It has to be said that opera houses carried out their punitive agenda with a bit more style in the old days. When the late Gerard Mortier, an engagingly misanthropic Intendant, was in charge at Salzburg he wasted no opportunity to insult the bejewelled audience, culminating in director Hans Neuenfels’s Busby Berkeley-style wheeling Nazis in Strauss’s bouncy operetta Die Fledermaus.
We’ve even had our moments over here. Graham Vick bowed out as director of productions at Glyndebourne with a Don Giovanni set on a heap of horse-dung.
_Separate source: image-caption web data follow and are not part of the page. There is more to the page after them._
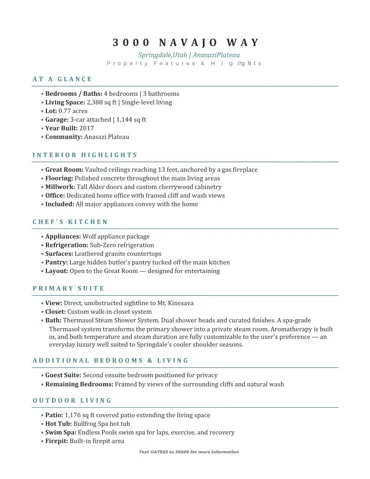 Property Features & Highlights. Detailing attributes and amenities of the property
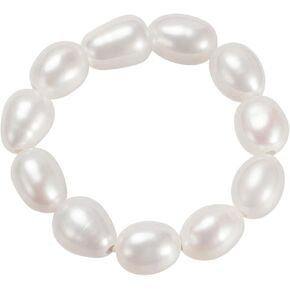 Handmade Freshwater White Pearl Ring Beads Elastic Finger Rings for Women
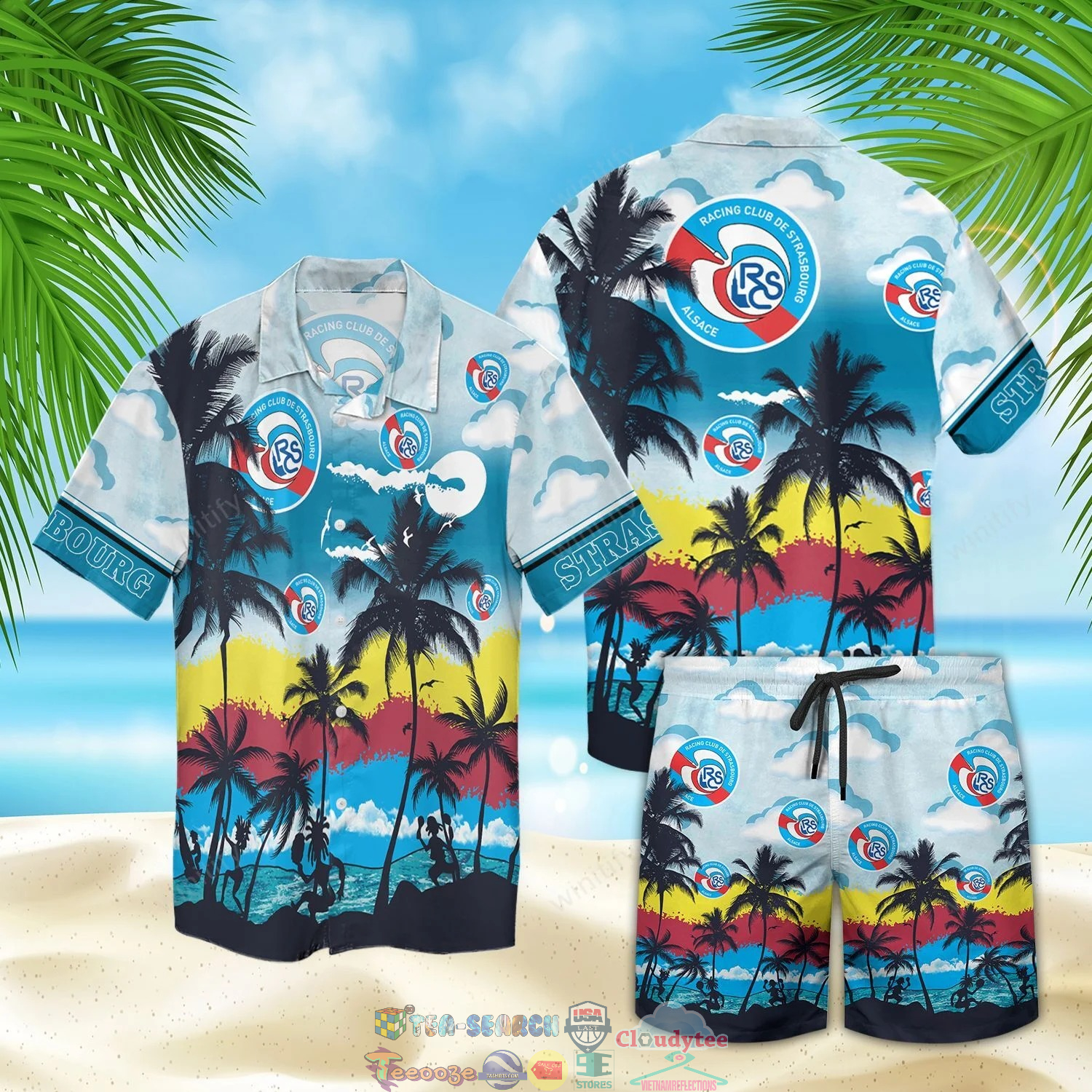 RC Strasbourg Alsace FC Palm Tree Hawaiian Shirt Beach Shorts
And Covent Garden’s former boss Kasper Holten and director Damiano Michieletto, emerging haggard and blood-stained from their native killing-fields of Copenhagen and Venice, were compelled to use a production of Rossini’s William Tell to denounce the audience for their relentless and vociferous support of rape in war.
My personal favourite was Il trovatore, presented in Edinburgh by director Calixto Bieito, for whom Verdi’s view of life was insufficiently gloomy, and who gave us a bracing vision of life in a car park (underground this time) with junkies being doused in petrol and torched, the heroine smeared in shit and raped in an old bathtub, electrode torture and so forth — all thoroughly enjoyed and tittered through by ranks of Morningside matrons.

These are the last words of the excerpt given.